Dessinatrice textile en Colombie, Isabel DuqueLevitt est arrivée en France dans les années 1990, complétant sa formation à la Manufacture des Gobelins. Une vingtaine d’années dans la Haute Couture parisienne lui ont permis de tisser des liens indéfectibles avec les fibres de toute nature. Pour cette amoureuse des marchés de son pays natal, source inspirante de vie et de techniques de tissage ancestrales, les usines et ateliers sont autant de sources d’inspiration et de créations.

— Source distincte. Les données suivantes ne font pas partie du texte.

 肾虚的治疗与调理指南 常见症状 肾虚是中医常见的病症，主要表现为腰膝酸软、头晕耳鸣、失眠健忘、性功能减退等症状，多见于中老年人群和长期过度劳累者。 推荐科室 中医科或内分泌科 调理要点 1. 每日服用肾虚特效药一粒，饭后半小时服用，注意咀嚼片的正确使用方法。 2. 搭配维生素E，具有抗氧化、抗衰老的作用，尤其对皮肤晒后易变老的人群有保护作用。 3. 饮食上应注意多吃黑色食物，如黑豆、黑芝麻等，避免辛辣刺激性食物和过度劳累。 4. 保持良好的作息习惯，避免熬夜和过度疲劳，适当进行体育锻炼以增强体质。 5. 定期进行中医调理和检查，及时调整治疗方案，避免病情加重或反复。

“Je suis une glaneuse de licières”, proclame-t-elle. Pas question de jeter, de perdre ni de détruire. Après avoir monté le tissu sur son métier à tisser, la voilà qui noue, tresse, tisse, roule, torsade, joue avec les textiles et les éléments. Elle introduit ainsi la canne flèche, cette variété proche du bambou utilisée dans la fabrication des chapeaux. Adepte du recyclage, cette artiste, heureuse de déclarer en cet âge béni de la retraite “pouvoir créer ce que je veux”, ne jette rien ! D’un sac de clés récupérées lors de la rénovation de la Banque de France par son architecte de mari, elle habille des tableaux tissés où ces clés suspendues sont autant de mystère.
Dans cette exposition, elle nous propose trois temps de son travail : des installations ou tableaux de cordes nouées, enroulées, cascades de fils de laine, coton, crin de cheval ou soie, amusantes petites carottes à croquer ou myriade de grains de maïs.
Une jolie série de petites pièces, appelée “Le temps suspendu”, rend hommage quant à elle à une période que l’on aimerait parfois ne pas avoir connue mais qui fut, pour bien des artistes, l’occasion de créer et de penser autrement, le temps d’un confinement. Celui d’Isabel, plus long que prévu lors d’un retour en Colombie, fut introspectif et inventif, donnant lieu à ces tableaux délicats et discrets. Pour ses œuvres tissées enfin, elle roule le tissu, s’inspire des techniques des villages colombiens où sont fabriqués les sacs sur les marchés, reprenant cet entrelacs en impair qui décale la trame de couleur insérée, la faisant apparaître en une diagonale mouvante et glissante.
Carolina Rodriguez partage avec Isabel, outre leurs racines colombiennes, le respect de la nature et l’empreinte des techniques traditionnelles et des matières brutes utilisées en Amérique latine et transposées dans leurs créations. Par-delà l’amour et le travail du textile, des fibres organiques et du travail tissé, Carolina initie une démarche d’intégration, ses œuvres rendant grâce à la France et à ses matières premières, puisqu’elle travaille notamment le lin, dont des échantillons lui ont été donnés par une entreprise locale. “J’aime travailler en équipe, de A à Z”, affirme Carolina, “tout part toujours d’un dessin !”. Elle enseigne aujourd’hui les arts plastiques en espagnol à l’Université de Lille et revendique un parcours complet et éclectique lui ouvrant le champ des possibles.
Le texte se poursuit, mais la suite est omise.